News Arts Editor Jeff Simon nicely summed up the return of cinema’s most fierce amphibians: “He’s big. And loud. And ugly. And fiery. And, he’s back.”
“Godzilla,” the movie monster that launched a zillion nightmares and – seemingly – almost as many imitators, is expected to draw box-office-busing crowds into theaters to see him stomping unsuspecting souls and buildings.
In his review in this week’s Gusto, Simon gave the film 3 1/2 stars and called it “a great monster movie.”
Here’s what some other critics had to say:
• Robert Levin of amNewYork gave it 2 1/2 stars, saying: “… The movie’s best moments are centered on the portent of doom, the sense that an ominous and inexplicable force threatens the planet. It plays like a conspiracy thriller mixed with a survival story. Then Godzilla and his rival beasts take over, in scenes filled with impressive CGI but an utter lack of human interest. The picture becomes a grimier, humorless version of last summer’s ‘Pacific Rim’ at that point, when the roaring, stomping and clashing beasts at skyscraper heights demolish the people on the ground in both a literal and a figurative sense.”
• A.O. Scott of the New York Times was muted in his praise: “This ‘Godzilla,’ though it surpasses Roland Emmerich’s 1998 Hollywood version, remains safely within the bounds of the modern action movie spectacular. It is at once bloated and efficient, executed with tremendous discipline and intelligence and conceived with not too much of either.”
• Steve Persall of the Tampa Bay Times gave it a C and wanted more of the big fella: “How do you hide a 200-foot, city-stomping, radiation-breathing monster like Godzilla? More to the point, why would you want to? Sure, there’s something to be said for teasing an audience, like Steven Spielberg with his peekaboo shark in Jaws, ratcheting up anticipation of what’s eventually to come. But at some juncture – much earlier than director Gareth Edwards intends – Godzilla needs to stop being an extra in his own movie.”

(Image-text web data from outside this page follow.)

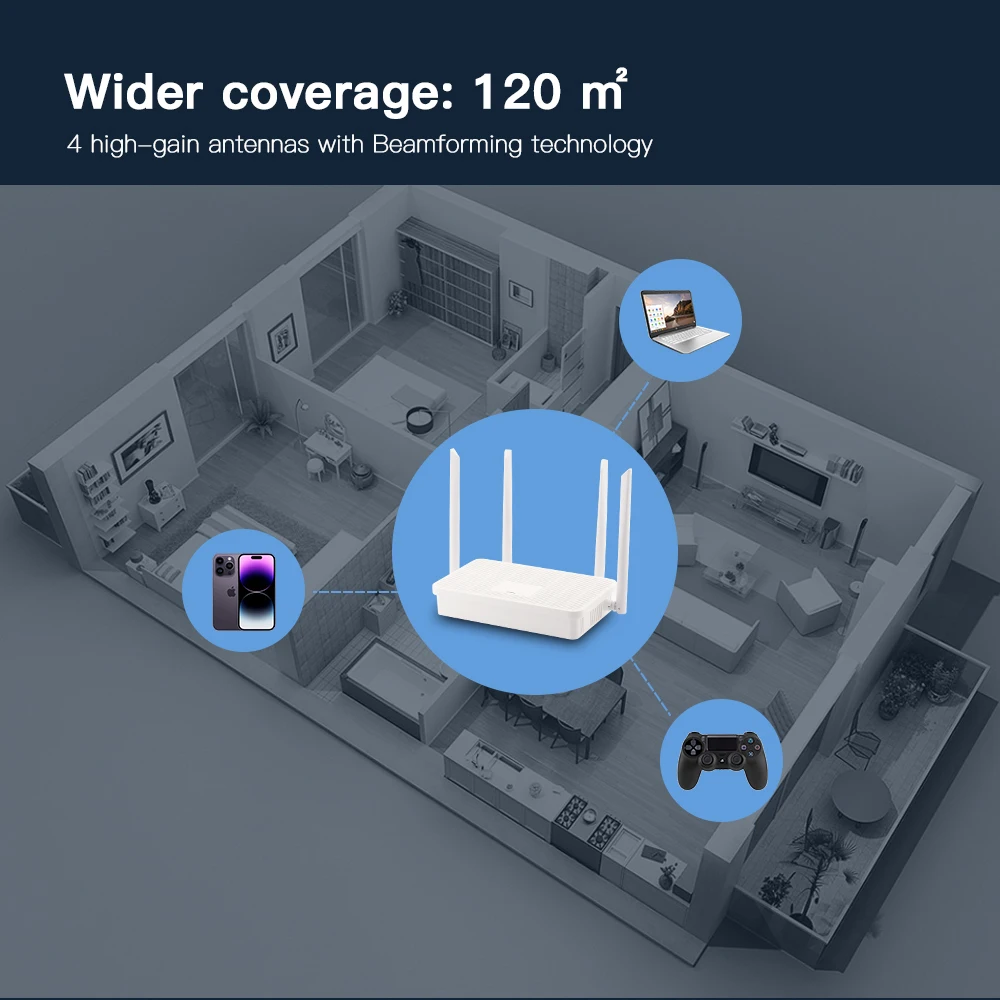 AC1200 Dual Band Wireless Router Wifi Range Repeater with 4*5dBi High Gain Antennas Wider Coverage Wi-Fi Extender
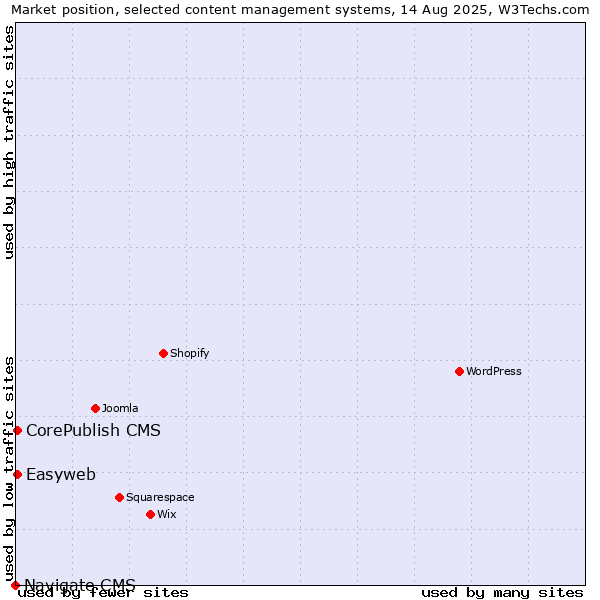 Market position of CorePublish CMS vs. Easyweb vs. Navigate CMS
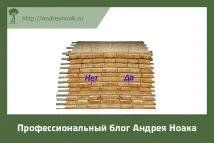 Шпація вибираємо та укладаємо правильно шпація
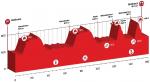 Tour de Suisse, Etappe 2 - Ein Tag fr Ausreier, Kletterer und Sprinter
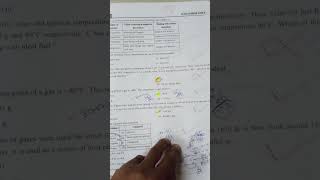 Class 9 Tallentex exam Paper 2025  uploaded My channel Please subscribe 🙏 [upl. by Kaz139]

• Mick LaSalle of the San Francisco Chronicle wanted more of a human element, which is why he have it 2 stars out of 4: “The visuals are impressive – these days, they usually are. … The movie’s big visual showpiece is a monster battle taking place in downtown San Francisco. It’s just monsters breaking things in a powdery haze of pulverized plaster, and, to its credit, the scene really does look like it’s actually happening. Still, without any human participation of any importance, it’s hard to get worked up about any of it – and that’s even if you happen to be watching the movie in downtown San Francisco.
• “Ditto” said Cary Darling of the Fort Worth Star-Telegram, with a 2 out of 5 score: “The ‘Godzilla’ reboot perfectly illustrates the problem that has long haunted mediocre monster movies. When the big, scaly guys are on screen, it’s a fun thrill ride. But when the humans are at the center of the action, things get scary – and not in a good way.”